How To Bike To The Farmers Market

On Sunday, April 15th, Heirloom Farmers Markets is teaming up with Living Streets Alliance to host Bike to the Farmers’ Market––an annual event that encourages people to hop on their bikes and ride to the Rillito Park farmers’ market. Bikers will be rewarded for their efforts with a free and secure bike valet, prizes, and entertainment. At first thought, the idea of biking to the farmers market on a sunny April morning seems quite idyllic. However, the logistics––like how to store your food, keep it cool, and get a dozen pastured eggs home safely––can seem daunting. With a bit of forethought and planning, you can bike to and from the market with little hassle or concern.

Here’s what you’ll need:

  • Bike panniers or a large backpack
  • Reusable bags
  • Ice packs, for safely transporting meat and cheese
  • Tea towel
  • Tupperware container

Begin your preparation at home. Use the “Fresh at the Market” list on our website to make a list of what you need at the market and organize the items by category: produce, meat, dairy, dry goods, etc. Once you have a tentative idea of what you’re getting at the market, you can begin to plan the best way to transport everything safely and efficiently.

The easiest way to transport goods to and from the market on two wheels is with bike panniers, which prevent you from having to carry a heavy bag on your back; however, a large backpack can serve your needs sufficiently. Be sure to bring a reusable bag or two to gather your goods as you make your way through the market. Once you’ve collected everything you need for a delicious week of local meals, take a few minutes to step away from the market festivities and repack your bags for the ride home.

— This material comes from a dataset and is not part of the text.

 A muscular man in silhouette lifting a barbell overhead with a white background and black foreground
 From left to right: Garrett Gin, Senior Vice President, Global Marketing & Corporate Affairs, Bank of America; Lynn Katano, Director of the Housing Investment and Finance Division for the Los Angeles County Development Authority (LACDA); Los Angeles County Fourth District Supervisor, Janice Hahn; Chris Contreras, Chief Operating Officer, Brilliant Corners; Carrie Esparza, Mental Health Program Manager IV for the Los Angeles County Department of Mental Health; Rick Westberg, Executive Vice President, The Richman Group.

To safely transport cold-storage items like meat and cheese, pack a few frozen ice packs in your bag and use them to keep these items cool on your journey home from the market. Store these highly perishable items, along with ice packs, at the bottom of your bag. Protect fragile items, like eggs and tomatoes, from breaking and bruising by wrapping a kitchen towel or t-shirt around egg cartons and packing delicate produce in a lidded container. Store these items at the top of your bag and ensure that no heavy items are placed on top of them. Bumps in the road can prove to be a bigger threat to delicate foods, so take The Loop––and extensive and well-paved bike path––for as much of your ride as possible. Once you experience how easy it is to bike to the farmers market (and back), you’ll want to do it every week! Happy riding!